Not that Mr Kendro Hendra, inTouch's managing director is unhappy. He said he is glad that he gets most of the revenue generated from each postcard sent with the service.
However, he does not get to lay his hands on the coveted airtime or transport charge which an operator earns from the kilobytes used by consumers.
Mr Chye Hoon Pin, SingTel Mobile's senior director of consumer products, explained that transport charges are low here, compared to those in Japan. It is therefore difficult to split this with a content developer.
He added that an operator sometimes also helps with marketing the content. In this case, the operator actually helps to promote the game or service to its customers.

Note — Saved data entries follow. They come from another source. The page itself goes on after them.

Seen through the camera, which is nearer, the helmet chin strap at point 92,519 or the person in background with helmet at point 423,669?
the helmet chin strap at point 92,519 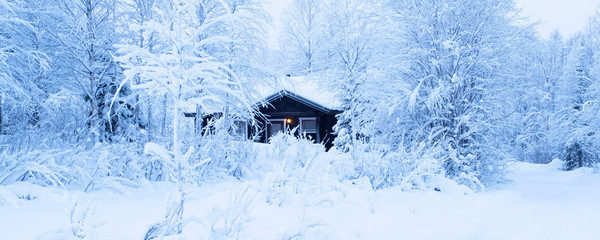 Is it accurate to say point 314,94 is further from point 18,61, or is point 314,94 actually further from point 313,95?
point 18,61

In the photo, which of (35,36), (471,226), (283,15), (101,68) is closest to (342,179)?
(471,226)

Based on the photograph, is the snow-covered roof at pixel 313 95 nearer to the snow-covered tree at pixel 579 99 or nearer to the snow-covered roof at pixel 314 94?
the snow-covered roof at pixel 314 94

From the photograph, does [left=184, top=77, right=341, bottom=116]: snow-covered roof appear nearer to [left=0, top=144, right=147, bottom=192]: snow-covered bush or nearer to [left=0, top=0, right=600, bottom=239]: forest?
[left=0, top=0, right=600, bottom=239]: forest

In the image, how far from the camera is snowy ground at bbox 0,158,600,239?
10.8 ft

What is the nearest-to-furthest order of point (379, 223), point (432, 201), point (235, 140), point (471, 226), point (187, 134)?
1. point (379, 223)
2. point (471, 226)
3. point (432, 201)
4. point (187, 134)
5. point (235, 140)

However, some local developers have gone their own way and done their marketing either by themselves or by partnering with overseas operators in markets such as Malaysia, Taiwan and China.
BuzzCity is an example. It has teamed up with Malaysia's Digi and China's China Mobile and China Unicom, but decided to buy only a link to operators here from a third-party bandwidth provider, revealed Dr Lai Kok Fung, BuzzCity's chief executive officer.
With its own promotions and advertisements, BuzzCity has attracted chat-room traffic amounting to "tens of thousands" of messages every day.
Java not all unified
Business terms aside, there are other problems to be resolved with mobile entertainment content, especially for Java games.
Currently, there are different Java toolkits being offered by each phone maker. This means that creating extra features for a dozen new phones may require a developer to customise a game for each handset out there, said Mr Hendra.
For example, even if a developer has created blinking light and vibrating effects for a Nokia 7650, he may have to customise it for a Sony Ericsson phone.
This adds hassle to development work.
Still, developers are glad that Nokia, the leading phone maker, is standardising the screen sizes on its phones and grouping them into a few categories. This means developers can create games according to a group of phones rather than cater to each and every model.